After Bran awoke from his coma, Arya asks their dad whether Bran could still be a knight. “No,” Ned Stark replies. “But someday he could be lord of a hold fast, or sit on the king’s council, or he might raise castles like Brandon the Builder.”
Brandon the Builder, was a legendary figure. He raised castles and gave The Gift to the Night’s Watch. His descendant, Bran, presides over the reconstruction of King’s Landing.
After Ned’s execution and, in Season 2, Theon Greyjoy’s botched Winterfell takeover, Bran and his crew of misfits hit the road. All the while, Bran was having dreams about ravens and flexing his warg abilities as he began his journey to becoming the Three-Eyed Raven.
Game of Thrones ignored Bran for a season, leaving him with the Children of the Forest in Season 4 and not picking his storyline back up until Season 6, when he learnt of the origins of the White Walkers and became the new Three-Eyed Raven.
Bran hasn’t been without his mistakes (letting the Night King brand him, his sloppy warging of Hodor).
But by Season 7, he returned to Winterfell with a weird, detached vibe, telling anybody who would listen that he wasn’t Bran, but the Three-Eyed Raven.
The totality of his abilities is not clear.
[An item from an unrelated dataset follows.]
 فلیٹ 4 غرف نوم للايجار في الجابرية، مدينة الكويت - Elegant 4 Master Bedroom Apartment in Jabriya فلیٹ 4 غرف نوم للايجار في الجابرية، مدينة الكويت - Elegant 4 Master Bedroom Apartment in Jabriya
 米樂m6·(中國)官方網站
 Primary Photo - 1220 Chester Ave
He can see the past and recount conversations.
He knew to give Arya the Valyrian steel dagger she would use to kill the Night King. But he doesn’t know everything: he thought Jon Snow was Rhaegar Targaryen’s illegitimate son, but research duo Sam and Gilly discovered that Rhaegar and Lyanna Stark were married at the time. Apparently as king, Bran needs a Master of Whisperers.
But by Season 8, we learnt things about his purported importance to humanity: Bran is the keeper of all memory, which is why the Night King was after him. He also had another purpose: making sure Jon Snow knew his true parentage.
Bran pushed Sam to reveal the secret to Jon, events that might have pushed Daenerys off the deep.
By the finale, it was left to Tyrion to serve as Bran’s advocate. The two had a friendly relationship for some time, in Season 1. We don’t
know what Bran told the Lannister, but presumably it was compelling stuff.
As Tyrion put it to the rulers: “There’s nothing more powerful in the world than a good story. Nothing can stop it. No enemy can defeat it. And who has a better story than Bran the Broken?” (Sansa? Jon? No?)
“The boy who fell from a high tower and lived. He knew he’d never walk again, so he learnt to fly. He crossed beyond the wall, a crippled boy, and became the Three-Eyed Raven,” Tyrion said.
“He is our memory, the keeper of all our stories: the wars, weddings, births, massacres, famines, our triumphs, our defeats, our past. Who better to lead us into the future?”
Multiple characters proclaim Bran doesn’t want to be king. (“Bran has no interest in leading,” Sansa says. “I know you don’t care about power,” Tyrion says.) But a more cynical view is that Bran wanted to be in power all along.
And who better positioned to manipulate everyone into making that happen than the guy who can see into the past, and know the future?